▸ Activity
Transcribe the records below word for word, leaving every picture out.

▸ Dataset excerpts
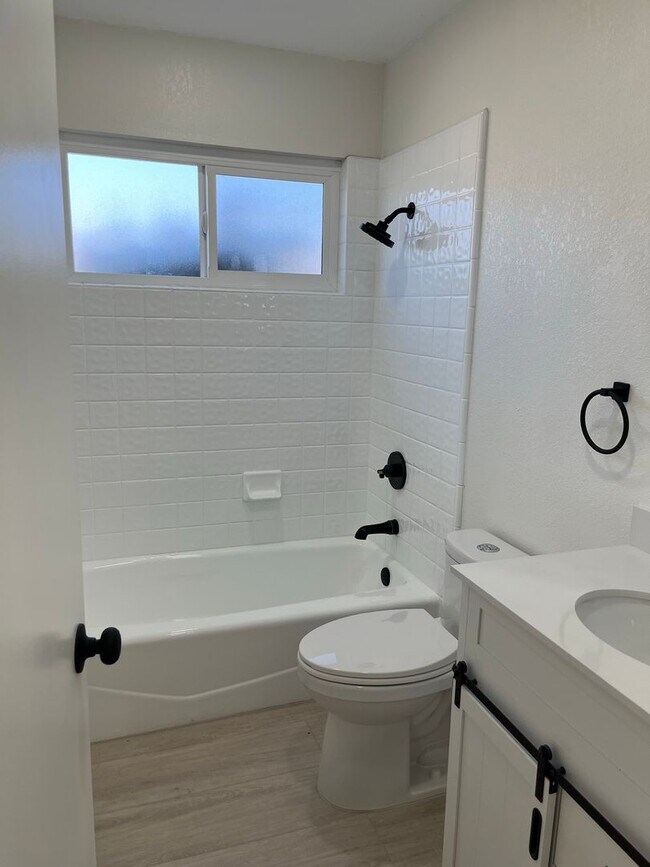 Building Photo - 784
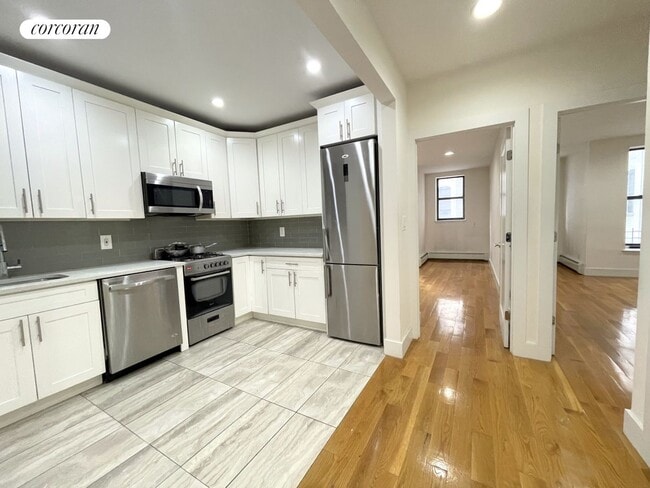 Building Photo - 100 W 138th St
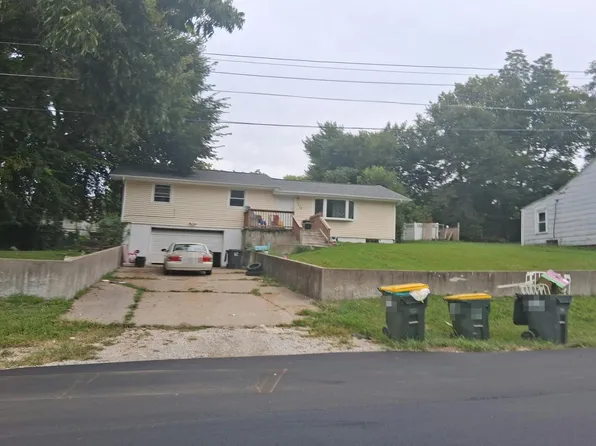 1112 4th St, Boonville, MO 65233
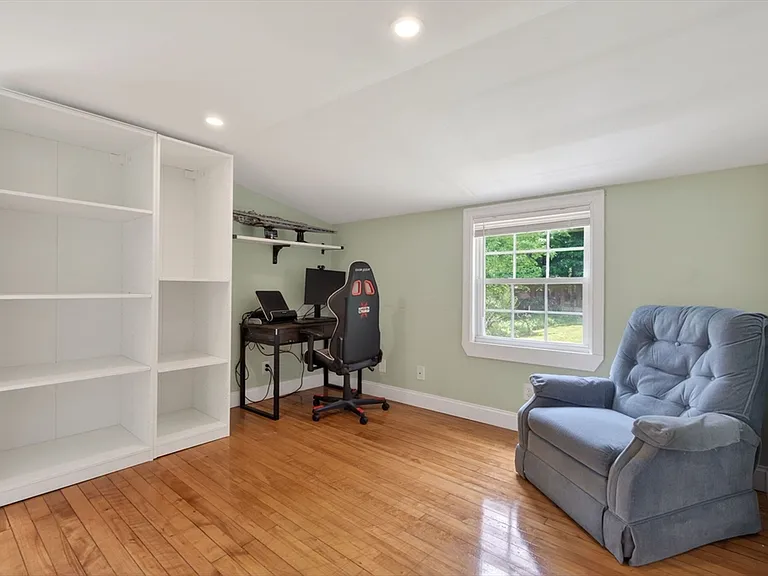1 Abbott Cir — Photo 18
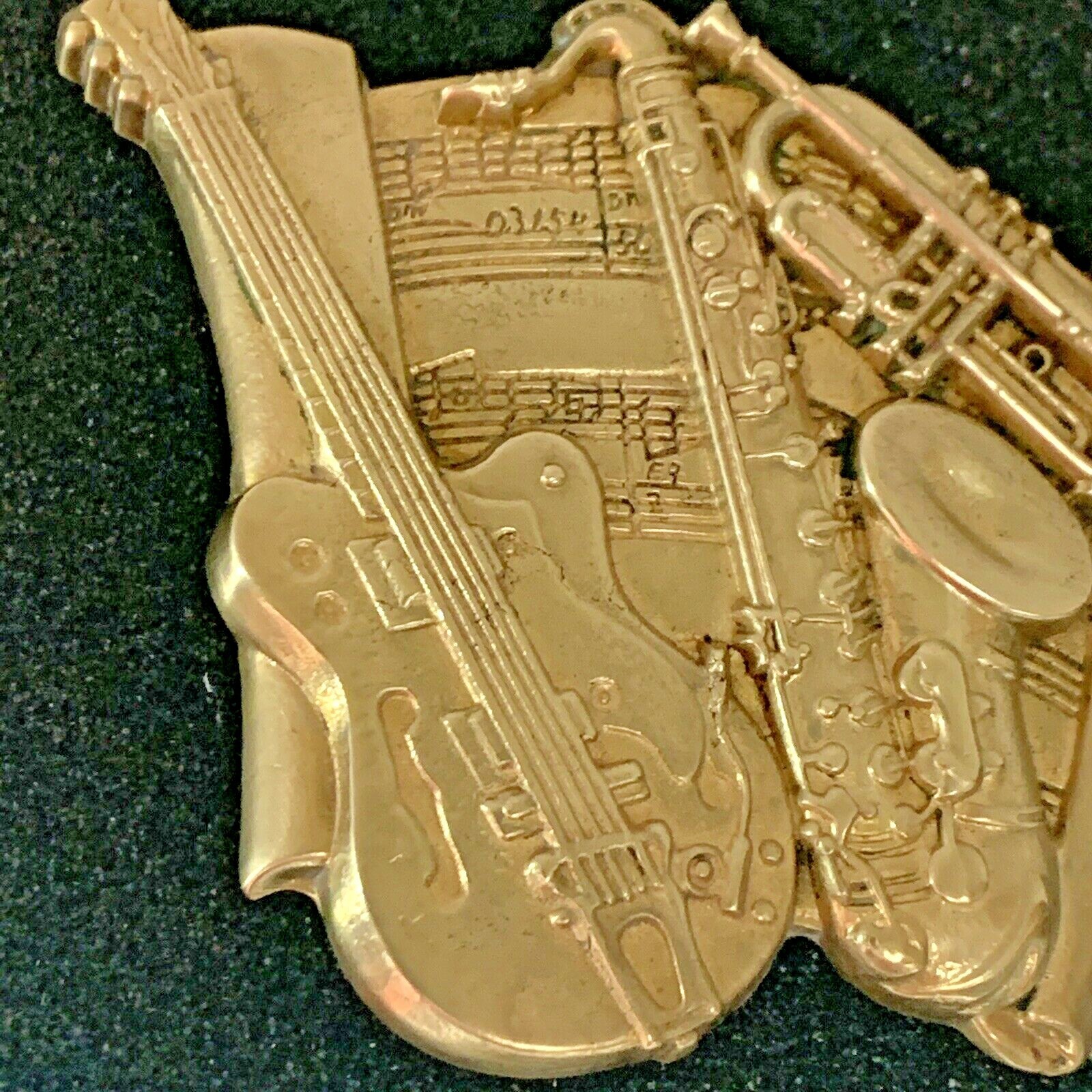 VTG 1980 SOLID BRASS BELT BUCKLE Guitar Saxophone Trumpet Musical Notes EUC Jazz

▸ Result of this exercise
 Building Photo - 784
 Building Photo - 100 W 138th St
 1112 4th St, Boonville, MO 65233
1 Abbott Cir — Photo 18
 VTG 1980 SOLID BRASS BELT BUCKLE Guitar Saxophone Trumpet Musical Notes EUC Jazz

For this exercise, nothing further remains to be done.